ÇİMENLER YAYILMADAN ÜZERİNİZE
İyi geçirdiniz mi geçen yılı
Sevindiniz mi hiç sağlıklı olduğunuz için
Tan ağarırken uyandınız mı hiç
Kaç kez izlediniz güneşin doğuşunu
Kaç kişiye armağan verdiniz nedensiz
Sabahları işe giderken ya da çıktığınızda
dışarı öylesine
Yolda bir kediyi okşadığınız oldu mu
Sıkıca tuttu mu hiç parmağınızı yeni
doğmuş bir bebek
Kokladınız mı onu
Şaşırdınız mı hiç yaz gecelerinde yıldız
çokluğuna
Kaç oyuncak aldınız kendinize
Kaç kez güldünüz gözlerinizden yaş gelinceye
Sarıldınız mı hiç yaşlı bir ağaca
Çimenlere uzanıp
Çocukluğunuzdan kalan bir şarkıyı
söylediniz mi hiç
Hiç taş kaydırdınız mı sularda
Kaç kez yem verdiniz kuşlara
Dalında sevip kokladınız mı bir çiçeği
Kaç kez bir alkımı
Ya da armağanla sevinen bir çocuğun
gözlerindeki ışığı gördünüz
Kaç mektup aldınız
Aradınız mı hiç eski bir dostunuzu
Küskün olduğunuz biriyle barıştınız mı
Kaç kez ayırdına vardınız mutlu olduğunuzun
Hiç düşündünüz mü
Bu küçük şeylere bağlı olduğunu iyi bir yılın
Yeni yılda düşünün
Yayılıp çimenlerin üzerine
Çimenler yayılmadan üzerinize
Jacques PREVERT ( 1900- 1977 )
Fransız şair ve senaristtir. Proles adlı şiir derlemesindeki sözcük oyunlarıyla büyük yankı buldu. Toplumsal umut ve aşk üzerine baladlarıyla ve yaptığı resim, kolaj çalışmalarıyla bilinir. Fransızların Can Yücel’i diye söylenir bizde. Sandalyeci Kadınlar Türküsü şiirini Can Yücel Türkçe’ye kazandırmıştır. Aşkın ve toplumsal iyiliğin şairidir PREVERT. Az şeyle çok şey anlatmayı amaçlayan bir teknikle yazar şiirlerini. Andre Gide, Prevert’e yazdığı bir mektupta şöyle der: “Sevgili Jacques Prevert sizin şiirlerinizi okumak ne büyük sevinç! – Seçkin dostlarıma okuyorum onları – ben okudukça bir daha oku, gene oku, tekrar oku diyorlar. Benim gibi onlarda sizinle dost oluyorlar.
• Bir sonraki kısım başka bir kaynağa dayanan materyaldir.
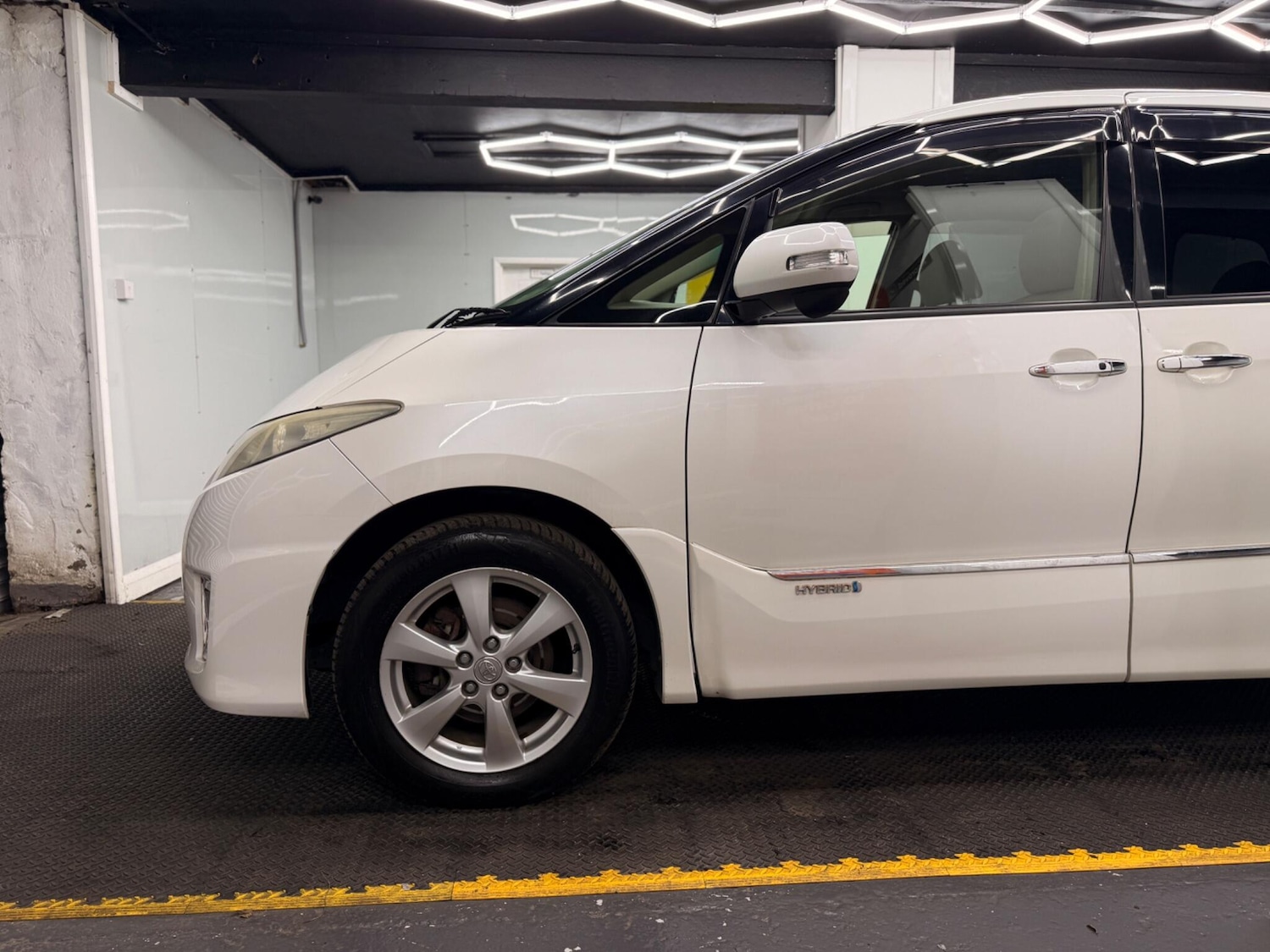 Used Toyota Estima 2023 for sale - 78204300: Photo 74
O, birçoğumuzun gözünden kaçan gerçek bir dünyanın yaratıcısıdır. Çocukların, işçilerin, kadınların, kuşların sesleri duyulur onun şiirlerinde. O’nun şiirleri hayatı yaşanılır kılmayı amaçlayan sınıfların mücadelesiyle kesişir. Prevert’i okuyun, seveceksiniz. A. Kadir Paksoy da şiiri güzel çevirmiş, âdeta Prevert’i Türkçe konuşturmuş. Yalın, duru, anlaşılır bir çeviri; okurken dizeler kanatlanıyor.